Lula ressaltou que não deseja conflitos com nenhum país, e afirmou que a convivência pacífica depende do fortalecimento das instituições democráticas e do respeito entre os chefes de Estado.
“Eu não quero guerra com os Estados Unidos, eu não quero guerra com a China, eu não quero guerra com a Bolívia, eu não quero guerra com o Uruguai. O que eu quero é provar que somente é possível a gente viver em paz se a gente fortalecer a democracia, se a gente fortalecer o multilateralismo”, disse.
O presidente também voltou a citar o presidente dos Estados Unidos, Donald Trump, afirmando que respeita a escolha feita pelos eleitores norte-americanos, mas cobrou reciprocidade em relação ao resultado das eleições brasileiras.
“O Trump foi eleito pelo povo americano, e eu respeito o resultado eleitoral americano. Eu fui eleito pelo povo brasileiro. Ele tem que respeitar o voto do povo brasileiro. Eu não fui eleito imperador da América Latina, e muito menos o Trump foi eleito imperador do mundo”, afirmou.

Atuação das Nações Unidas

Durante o discurso, Lula fez um apelo aos cinco membros permanentes do Conselho de Segurança das Nações Unidas — Estados Unidos, Rússia, China, França e Reino Unido — para que assumam um papel mais ativo na busca por soluções diplomáticas para os conflitos em andamento.
“O que eu espero, e estou implorando já há algum tempo, é que os cinco membros do Conselho de Segurança da ONU (Organização das Nações Unidas) tenham a capacidade de se reunir”, declarou.
Segundo o presidente, a função dessas potências deve ser a preservação da paz global, e não o estímulo a novos confrontos.
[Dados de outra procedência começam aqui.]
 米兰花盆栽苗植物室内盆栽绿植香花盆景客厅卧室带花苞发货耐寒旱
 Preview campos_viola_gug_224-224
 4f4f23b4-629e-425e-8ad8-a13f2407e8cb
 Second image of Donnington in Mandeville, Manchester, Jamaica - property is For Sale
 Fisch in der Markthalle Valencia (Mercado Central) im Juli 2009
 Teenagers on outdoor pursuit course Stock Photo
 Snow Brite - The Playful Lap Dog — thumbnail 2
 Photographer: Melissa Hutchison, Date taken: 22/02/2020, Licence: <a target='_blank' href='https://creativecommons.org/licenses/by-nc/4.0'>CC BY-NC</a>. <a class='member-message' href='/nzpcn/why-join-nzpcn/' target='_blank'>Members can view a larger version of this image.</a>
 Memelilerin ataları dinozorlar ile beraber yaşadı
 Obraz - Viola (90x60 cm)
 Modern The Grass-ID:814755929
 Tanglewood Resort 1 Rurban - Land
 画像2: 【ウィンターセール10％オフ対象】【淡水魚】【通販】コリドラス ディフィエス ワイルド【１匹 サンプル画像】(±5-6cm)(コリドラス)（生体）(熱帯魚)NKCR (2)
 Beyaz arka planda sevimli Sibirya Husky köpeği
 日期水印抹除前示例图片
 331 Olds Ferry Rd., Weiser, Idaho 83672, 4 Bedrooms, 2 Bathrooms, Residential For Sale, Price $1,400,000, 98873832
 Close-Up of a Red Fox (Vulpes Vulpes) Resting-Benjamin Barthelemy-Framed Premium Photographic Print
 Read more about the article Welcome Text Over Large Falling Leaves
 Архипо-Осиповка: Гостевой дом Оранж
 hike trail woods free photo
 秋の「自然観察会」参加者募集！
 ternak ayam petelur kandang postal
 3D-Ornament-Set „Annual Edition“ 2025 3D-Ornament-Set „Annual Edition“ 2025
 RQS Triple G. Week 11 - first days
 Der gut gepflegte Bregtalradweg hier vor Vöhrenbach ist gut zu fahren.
Lula afirmou que guerras recentes resultam de decisões unilaterais dos países envolvidos, e alertou para os riscos de uma escalada militar envolvendo armamentos nucleares.
“Todos eles sabem que, se a gente tiver um conflito mais sério, se for necessário utilizar armas nucleares, a gente não está ganhando de um país. A gente está destruindo o planeta Terra”, disse.
Ao reforçar a posição brasileira, Lula afirmou que o país continuará se posicionando contra conflitos e em defesa da cooperação internacional. “Nós queremos paz, nós queremos progresso, nós queremos desenvolvimento, nós queremos melhorar a qualidade de vida do povo brasileiro”, afirmou.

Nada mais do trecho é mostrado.